By R Jagannathan
The word is that a diesel price hike is coming after the presidential poll on 19 July. And also, possibly, in cooking gas and kerosene.
But no one’s sure. It could even happen after the vice-presidential poll, which means 7 August. One hope it doesn't end up as a hoax, a joke.
While the entry of Manmohan Singh into the finance ministry is supposed to speed up a decision on fuel prices, these decisions are normally taken through an Empowered Group of Ministers (eGoM), but petroleum has not had an eGoM since Pranab Mukherjee left the ministry to campaign for the presidency.
This eGoM has not been reconstituted, and under Mukherjee it has naysayers like Trinamool Congress as members on it. A decision on a reconstituted eGoM will probably give us a clue on when the changes are to happen.
But the time is running out. The best time to decide on raising diesel prices or even partially deregulating it is when global prices are down, but they seem to be rising again.
According to the Petroleum Planning and Analysis Cell, which comes under the petroleum ministry, the Indian crude basket now costs $5 more per barrel compared to the second half of June.
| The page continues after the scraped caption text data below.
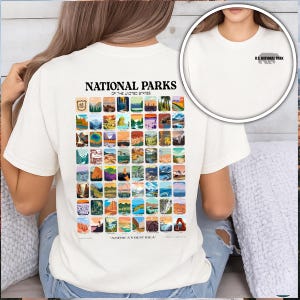 Camiseta con mapa de 63 Parques Nacionales: Camiseta con mapa de viaje para senderistas, camiseta con lista de parques, regalo de aventura y naturaleza de EE. UU., camiseta de parques nacionales de EE. UU. U244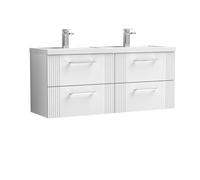 Partial Fluted 4 Drawer Wall Hung Vanity Unit with Double Polymarble Basin - 1200mm - Satin White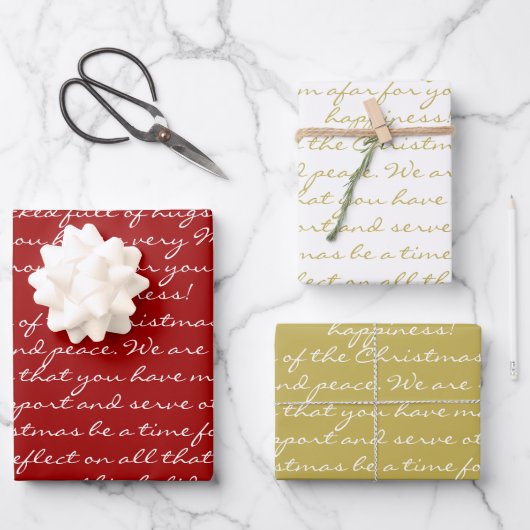 Elegant Red Gold-kerstcadeauscript Inpakpapier Vel (Voorkant)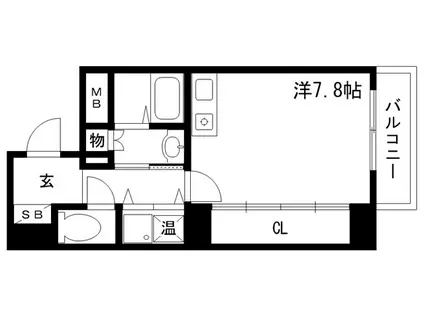 AXIS神戸みなと元町(ワンルーム/2階)の間取り写真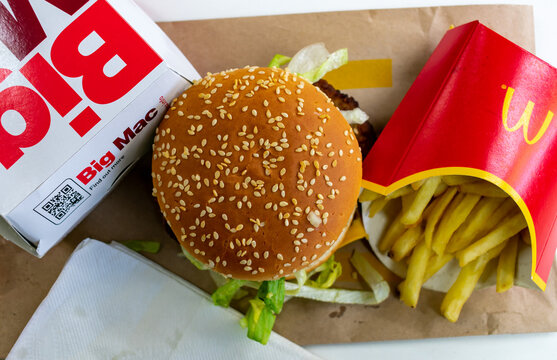 London. UK- 01.28.2021. A real life Big Mac and medium fries from a McDonald's restaurant.
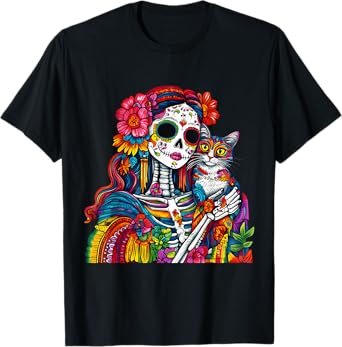 Cute Da De Los Muertos Cat Skeleton Sugar Skull T-Shirt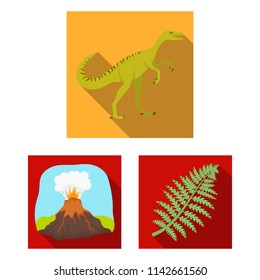 Different dinosaurs flat icons in set collection for design. Prehistoric animal vector symbol stock web illustration.
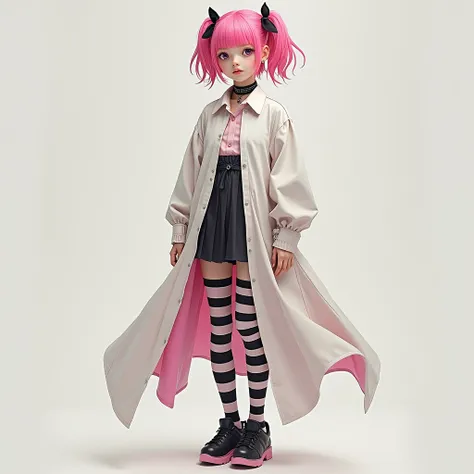 Create a boy with a long shirt, a skirt and thigh-length striped socks ,  and he has pink hair and some black ribbons in his hair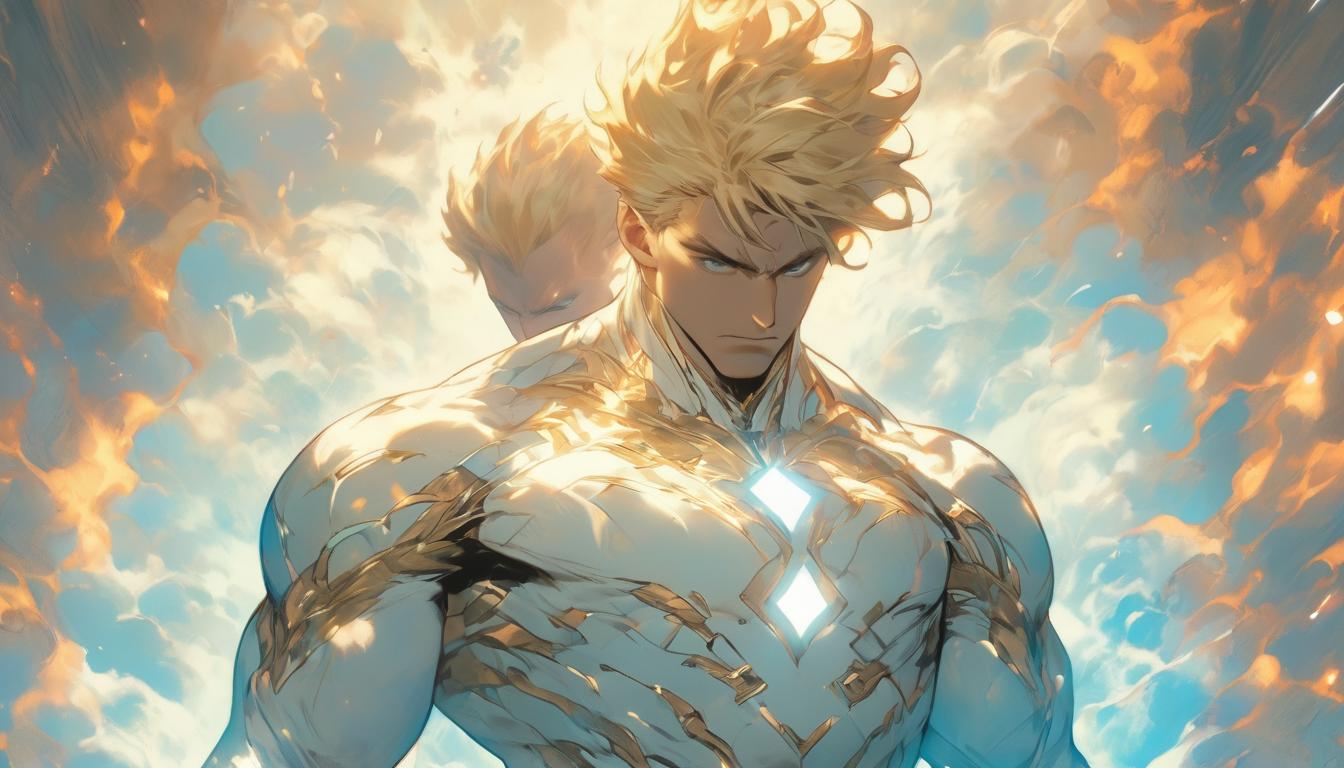  hyperrealism,fantasy aesthetic1man, attractive blonde male humanoid, dazzling white clothes, ethereal glow, standing amid celestial beings, high tech clothing clad in sleek, futuristic costume with metallic accents and form fitting designs, marvel superhero comics style, unreal engine rendering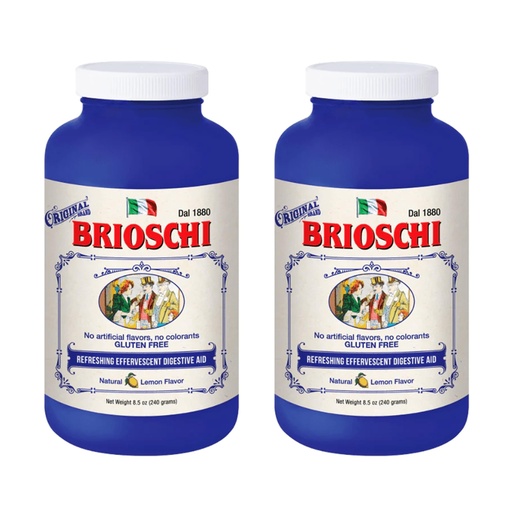[BRSWIBI5AAGREDYV] Brioschi Italian Lemon Flavored Effervescent Heartburn, Upset Stomach, Acid Indigestion, 8.5 oz bottle (Pack of 2)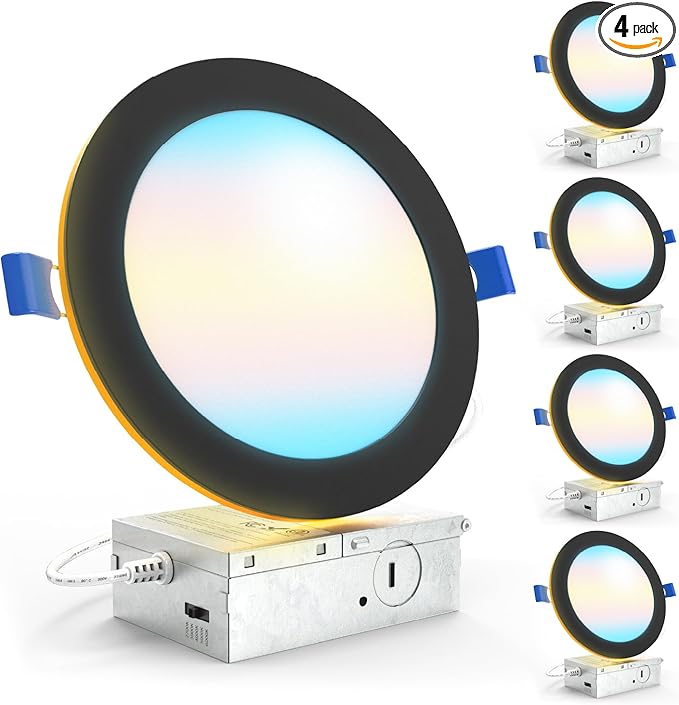 Sunco Black Recessed Lights 6 Inch LED, Canless by SuncoLighting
The prices have moved up from $92.99 during 16-30 June to $97.46 as on 12 July, and even though the rupee actually strengthened from Rs 56.49 to the dollar to Rs 55.70, the final rupee cost of oil went up from Rs 5,201.60 to Rs 5,458.04.
Daily losses of the oil marketing companies on diesel, LPG and kerosene subsidies now add up to Rs 355 crore a day.
With every passing day, the losses only add up. Waiting for one election after another to end – first UP, and now presidential election, and maybe, the VP one as well, means the government would have missed opportunities regularly to correct the petroleum subsidy scheme.
Worse, from a political standpoint, price increase look more justified when global prices are high. If they fall, the Congress’ opponents will wonder why prices are being raised when global prices are falling.
June-end would have been ideal from the point of view of price index management since diesel prices were last raised in June 2011. Reason: a price hike in the same month as the previous hike reduces the price index impact due to the higher base last year.
But this opportunity too has been missed.
The PM should get a move on and not keep waiting for India’s endless election calendar to exhaust itself.